Last Updated on 20230310(17.13) by st.

Last night, I bought a small plastic bowl of Mother Dairy Curd, after dinner, and got it all the way up to the room. I somehow remember brining it up. And then i washed my spoon and sat to eat it, and it was gone. Just vanished. Odds are that i forgot it at the shop but I somehow strongly remember brining it all the way up, even as i unlocked the room.

Nostalgia acts in strange ways perhaps. In Odysseus, he longs to go home for 20 years, and he celebrates that pain of solitary longing, each time the specific memories blurring and the emotion deepening. The loss of detail strengthening the magnitude of the longing. If nostalgia works as a dirge for lost memory, then what about deepened memories? The more i remember a detail, it’s not like I have given up my emotion or longing for the lost curd. The longing for it increases.

It’s perhaps in the nature of lost objects to incite longing.
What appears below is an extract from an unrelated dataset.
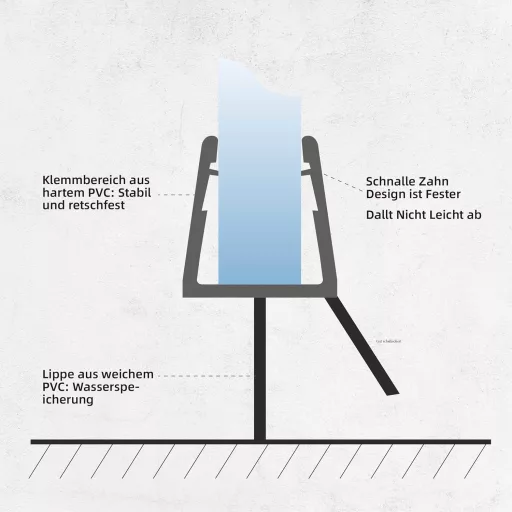 KOOBON zuhanyzó ajtó tömítés 2x80cm, 5-6mm üveghez, víztaszító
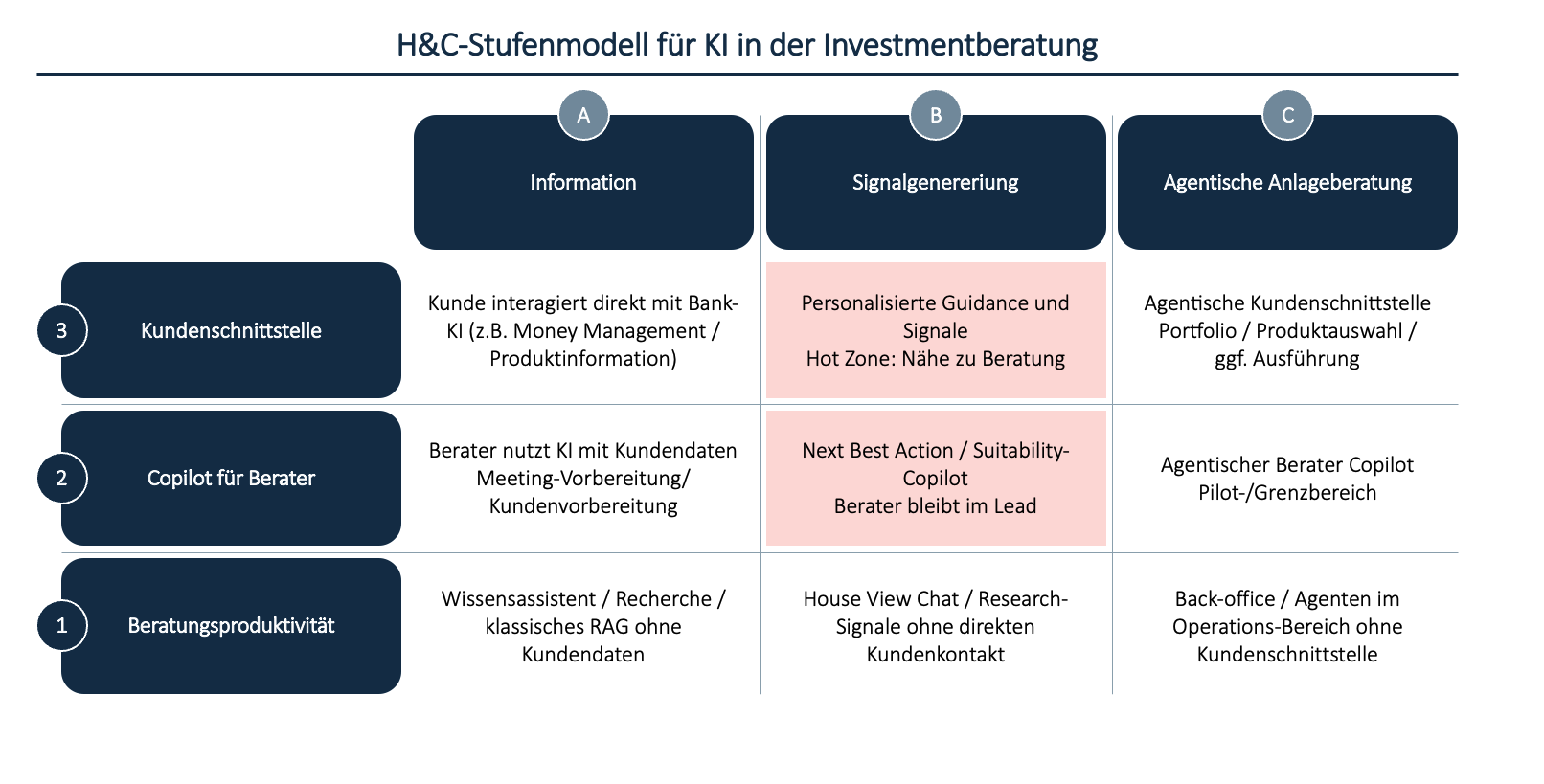 Fig. 2 - Das Horn & Company Stufenmodell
The moment they are lost, they call for retreival. Sometimes they throw a challenge. And in search for the lost object, we do things we would not otherwise do. A sense of purpose if it were. I searched the entire room and found many layers of the past i have paused. Or to use a less digital term, maybe they are just halted processes. Notebooks left midway, unopened condoms, souvenirs from long lost friends, part of a Lay’s Chips packet from pointless screen-stuck evenings. An entire architecture of things unused : moved by the longing for one lost object.

Also why is doubt such a bad thing? Isn’t the most fundamental principle in Quantum theories of things, the little I know of it, is the Heisenberg Uncertainty Pronciple? The inability to determine exactly whether something is one or the other. The inability to determine whether i did bring the curd to my room or not.

 

Let’s hope I did not, and that my room is not haunted at the moment. They say that love is the glorification of the present. Maybe one antidote for nostalgia, not that one can control it, is some such glory of the moment. Love of something, unto something, around something, within something. Some sort of a sigh deepened by a spectacle so simple that it’s loudest sound is a whimper and the brightest light is a lamp flicker.